Le directeur du site de sports Fansided a accusé ces joueurs de se cacher « derrière un livre vieux de 2000 ans » (sic), et le site The Athletic, qui appartient au New York Times, a gravement conclu que les « personnes homosexuelles et transgenres sont et seront toujours des victimes ».

Landen Roupp a répondu :

« Il n’y a là aucune haine. C’est simplement ce que je défends. Je crois en Dieu. Il s’agit simplement de l’alliance de Dieu et de la promesse qu’il nous faite, de sa fidélité et de sa miséricorde. C’est une conviction profonde et je la maintiens. Je suis reconnaissant de vivre dans un pays où nous avons la liberté de croire ce que nous voulons et de nous exprimer librement. »

Mais pas tout à fait quand même…

Vérité africaine

Un journaliste demande à Ousmane Sonko, président de l’Assemblée nationale du Sénégal, son pronostic pour le match France-Sénégal. Réponse :

Je pense que le Sénégal va gagner, je le souhaite en tout cas comme tous les Sénégalais, et dans tous les cas ce n’est qu’un match de football, mais pour avoir une lecture politique de ce match, quel que soit le vainqueur, c’est l’Afrique qui aura battu l’Afrique.

Un tel propos tenu en France par un Français (blanc) entraînerait une condamnation pour provocation à la haine raciale.

*

A propos de cette coupe du monde, on voit aussi ceci sur les réseaux sociaux : quel est le pays musulman qui ira le plus loin ?

Et parfois c’est illustré :

De la férie

Le martyrologe fait brièvement mémoire, en sixième position, de saint Similien :

Nannéte, in Británnia minóre, sancti Similiáni, Epíscopi et Confessóris.

A Nantes, en Petite-Bretagne, saint Similien, évêque et confesseur.

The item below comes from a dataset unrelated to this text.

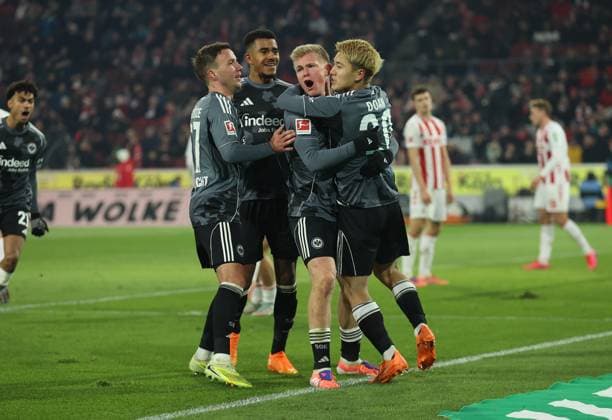 22.11.2025, Fussball Bundesliga, 1. FC Köln - Eintracht Frankfurt, v.l., Torjubel zum 1:3 durch Jonathan Burkardt (Eintracht Frankfurt), Mario Götze (Eintracht Frankfurt), Ritsu Doan (Eintracht Frankfurt), Goal celebration, celebrate the goal DFL DFB REGULATIONS PROHIBIT ANY USE OF PHOTOGRAPHS AS IMAGE SEQUENCES AND OR QUASI-VIDEO. xdcx Copyright: HMBxMedia Claus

Il est le seul évêque de Nantes inscrit au martyrologe. Il aurait été le troisième évêque de la ville, et l’évangélisateur des martyrs Rogatien et Donatien. Dès le Ve siècle une église lui est dédiée, et c’est l’une des trois églises primitives de la ville, avec la cathédrale et celle dédiée à Donatien et Rogatien.

Saint Grégoire de Tours raconte qu’au temps de Clovis Nantes fut assiégée par les barbares. Le siège durait depuis soixante jours, lorsqu’au milieu de la nuit, des hommes vêtus de blanc et portant des cierges allumés, parurent sortir de la basilique des saints martyrs Donatien et Rogatien. Au même moment, une procession semblable sortait de la basilique de saint Similien. Les deux processions se dirigèrent l’une vers l’autre, s’unirent pour prier, puis chacune d’elles retourna au lieu d’où elle était partie. Les Barbares, effrayés de cette vision, s’enfuirent, et leur chef, frappé de ce prodige, se convertit et demanda le baptême.

L’église Saint-Similien a été plusieurs fois reconstruite (et son orientation respectée jusqu’en 1894…) :

On y voit un puits, dont on dit que des infidèles (sans doute les Normands qui occupèrent Nantes de 844 à 939 et détruisirent la première église) y jetèrent la tête du saint. Son eau est (était ?) réputée miraculeuse.